How severe does this issue affect your experience of using Ray?

  • High: It blocks me to complete my task.

@jamm1985

@Kai-Hsun_Chen any response or idea?

1 Like

Hi @jamm1985,

Would you mind opening an issue in the KubeRay repository?
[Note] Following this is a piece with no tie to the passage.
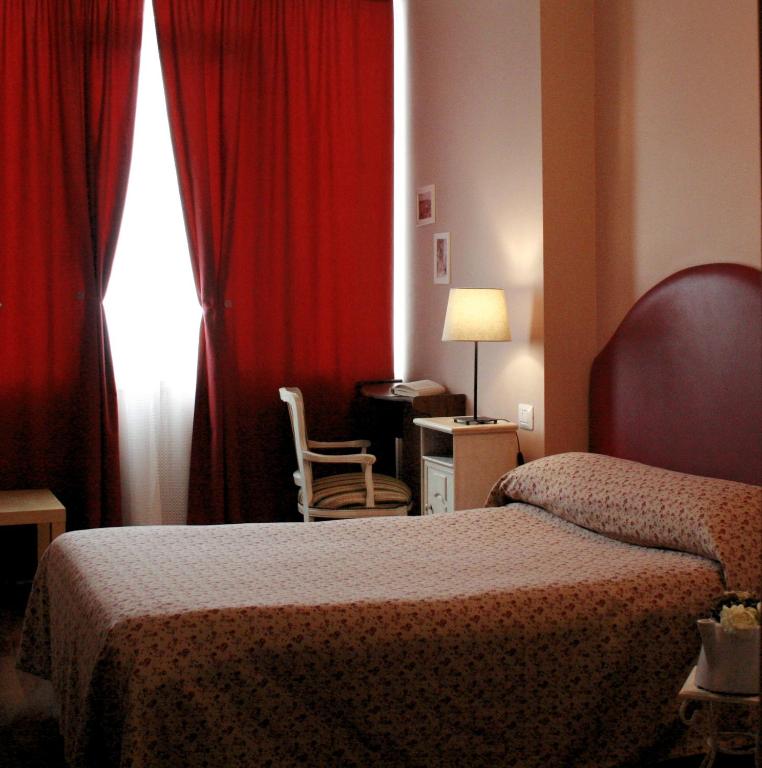 A bed or beds in a room at Ankon Hotel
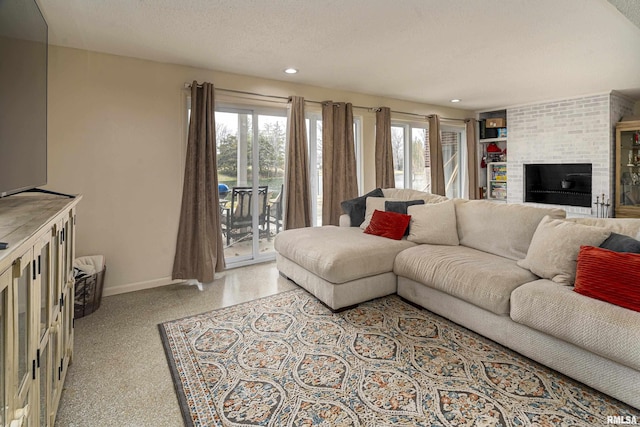 living room with a textured ceiling, recessed lighting, speckled floor, baseboards, and a brick fireplace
I cannot reproduce the issue by the following instructions:

# Step 0: Prepare a Kubernetes cluster
kind create cluster --image=kindest/node:v1.23.0

# Step 1: Install a KubeRay operator
helm install kuberay-operator kuberay/kuberay-operator --version 0.5.0

# Step 2: Create a RayService
# path: ray-operator/config/samples
kubectl apply -f ray_v1alpha1_rayservice.yaml

# Step 3: Edit `spec.rayClusterConfig.rayVersion` from 2.4.0 to 2.100.0.
kubectl edit rayservices.ray.io rayservice-sample

# Step 4: Wait for the serve deployments on the new RayCluster becoming ready.
# Check the service's selector
kubectl describe svc rayservice-sample-head-svc
1 Like

Hi @Kai-Hsun_Chen :

Thanks for quick response!

While I’m working on the reproducible snippet, maybe this error will give you some ideas:

2023-05-23T10:33:44.571Z	ERROR	controllers.RayService	raySvc Update error!	{"raySvc.Error": "Service \"kuberay-cluster-train-head-svc\" is invalid: spec.clusterIPs[0]: Invalid value: []string(nil): primary clusterIP can not be unset", "error": "Service \"kuberay-cluster-train-head-svc\" is invalid: spec.clusterIPs[0]: Invalid value: []string(nil): primary clusterIP can not be unset"}

It is operator pod under k8s v1.20.7.

The service is actually has ClusterIPs section:

apiVersion: v1
kind: Service
metadata:
  creationTimestamp: "2023-05-21T14:06:19Z"
  labels:
    ray.io/identifier: kuberay-cluster-serve-head
    ray.io/node-type: head
    ray.io/service: kuberay-cluster-serve
  name: kuberay-cluster-serve-head-svc
  namespace: project
  ownerReferences:
  - apiVersion: ray.io/v1alpha1
    blockOwnerDeletion: true
    controller: true
    kind: RayService
    name: kuberay-cluster-serve
    uid: f920cfe2-c031-4fce-ab0c-50ef57d7d217
  resourceVersion: "598159003"
  uid: a60c6ec7-27dc-4623-9f9a-2e091330c838
spec:
  clusterIP: 10.105.159.150
  clusterIPs:
  - 10.105.159.150
  ports:
  - appProtocol: tcp
    name: gcs-server
    port: 6379
    protocol: TCP
    targetPort: 6379
  - appProtocol: tcp
    name: client
    port: 10001
    protocol: TCP
    targetPort: 10001
  - appProtocol: tcp
    name: dashboard
    port: 8265
    protocol: TCP
    targetPort: 8265
  - appProtocol: tcp
    name: ray-serve
    port: 8000
    protocol: TCP
    targetPort: 8000
  - appProtocol: tcp
    name: dashboard-agent
    port: 52365
    protocol: TCP
    targetPort: 52365
  - appProtocol: tcp
    name: http-metrics
    port: 9001
    protocol: TCP
    targetPort: 9001
  - appProtocol: tcp
    name: metrics
    port: 8080
    protocol: TCP
    targetPort: 8080
  selector:
    app.kubernetes.io/created-by: kuberay-operator
    app.kubernetes.io/name: kuberay
    ray.io/cluster: kuberay-cluster-serve-raycluster-km7j7
    ray.io/identifier: kuberay-cluster-serve-raycluster-km7j7-head
    ray.io/node-type: head
  sessionAffinity: None
  type: ClusterIP
status:
  loadBalancer: {}

@Kai-Hsun_Chen

I figured out it affects k8s 1.20.7 version and not 1.23.